". . .And, of course, what’s also routine is that somebody, somewhere will comment and say, Obama politicized this issue. Well, this is something we should politicize. It is relevant to our common life together, to the body politic.
. . .This is a political choice that we make to allow this to happen every few months in America. We collectively are answerable to those families who lose their loved ones because of our inaction. When Americans are killed in mine disasters, we work to make mines safer. When Americans are killed in floods and hurricanes, we make communities safer. When roads are unsafe, we fix them to reduce auto fatalities. We have seatbelt laws because we know it saves lives. So the notion that gun violence is somehow different, that our freedom and our Constitution prohibits any modest regulation of how we use a deadly weapon, when there are law-abiding gun owners all across the country who could hunt and protect their families and do everything they do under such regulations doesn’t make sense." - President Obama, October 1, 2015, yet another speech after a mass shooting His 11th.
We've had another mass murder, this time on a community college campus in Oregon, where nine students and the shooter are dead. We're outraged, we're grieving, we're looking for answers. We've been through this before, and the worst part is, we know for a fact we'll go through it again.
Those on the right, when they're not blaming mental health, are blaming liberals in general and Obama in particular. Those on the left are blaming the NRA and an out-of-control gun culture. There is enough goddamned blame to go around, but I blame Congress. They're in control. They can read the same impossible numbersthat I can. They can twist arms. They can make laws. They can declare the gun epidemic a moral crisis--a national disaster--and go at it full force. But they're cowards and they won't.
When it comes to gun murders we're so far ahead of any country on earth, there's no danger of any of them catching up with us. And still we do nothing but argue about it. We're so good at rehashing the same old stuff, we've become experts at it. Not at finding solutions, just at rehashing.

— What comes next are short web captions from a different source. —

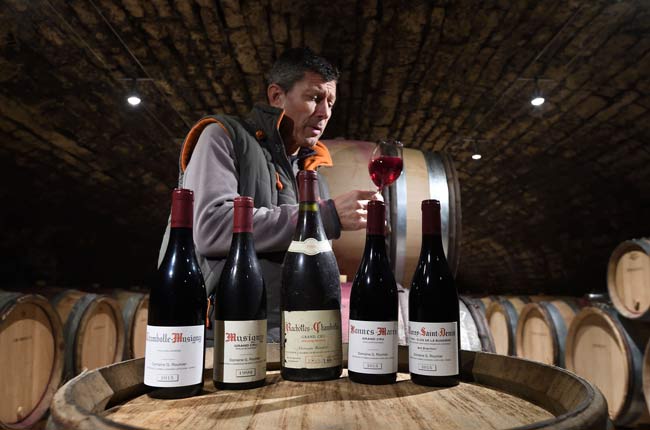 Money-no-object Burgundy for Christmas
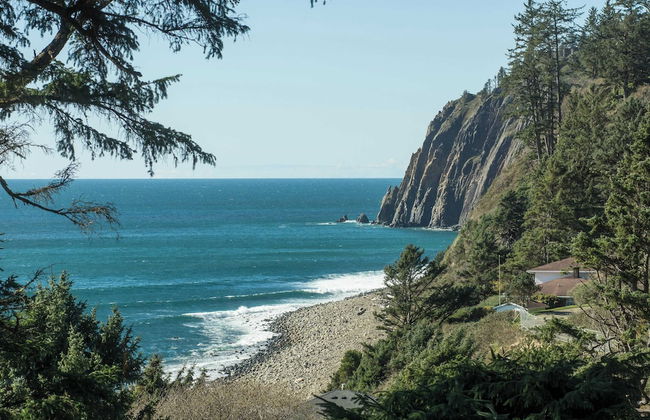 The Purcell House by Avantstay Surrounded in Lush Greenery w/ Large Yard & Ocean Views - Foto 29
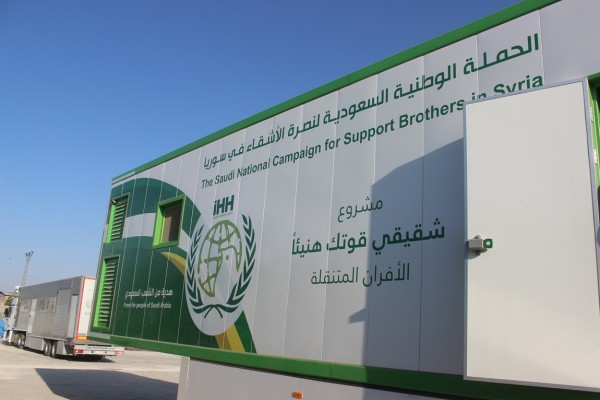 الحملة الوطنية السعودية مستمرة بتوزيع الخبز على السوريين النازحين
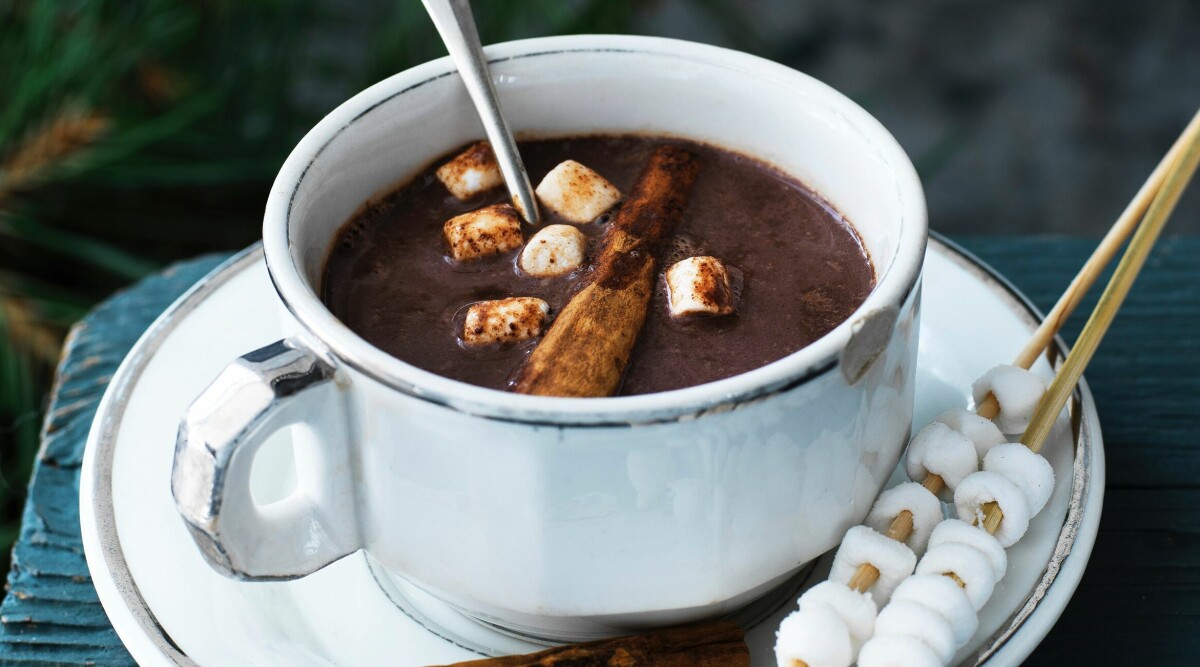 Varm choklad med kanel och marshmallows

I wish I knew what else to do. I don't. So let me rehash. This is the column I wrote after the Republicans in Congress voted down what should have been a slam-dunk reform move after the Sandy Hook massacre at Newtown, Massachusetts. Congress had all the public support it needed to grind to a halt the bloody mess our love affair with guns has caused. They wouldn't do it. They still won't do it. And without them, we can't do it. (It's long, I know, but there are voices there that deserve to be heard again. As you read this, keep in mind that the vote happened more than two years ago. We've had an election since then and many of those same congressional culprits have been re-elected.)
April 18, 2013:
Politicians out of control on Guns: Never Forgive, Never Forget
Yesterday 46 members of the Senate voted down a proposal that would have been a logical first step to gun control--universal background checks. They were able to vote it down, even though 54 members voted for it because they rigged the way the votes count now. Voting it down for no good reason is bad enough but they did it through cowardice, lies and cheats. The whole process was despicable, made even more so by the fact that it happened in the chambers where expectations of fairness and fidelity used to run quite high.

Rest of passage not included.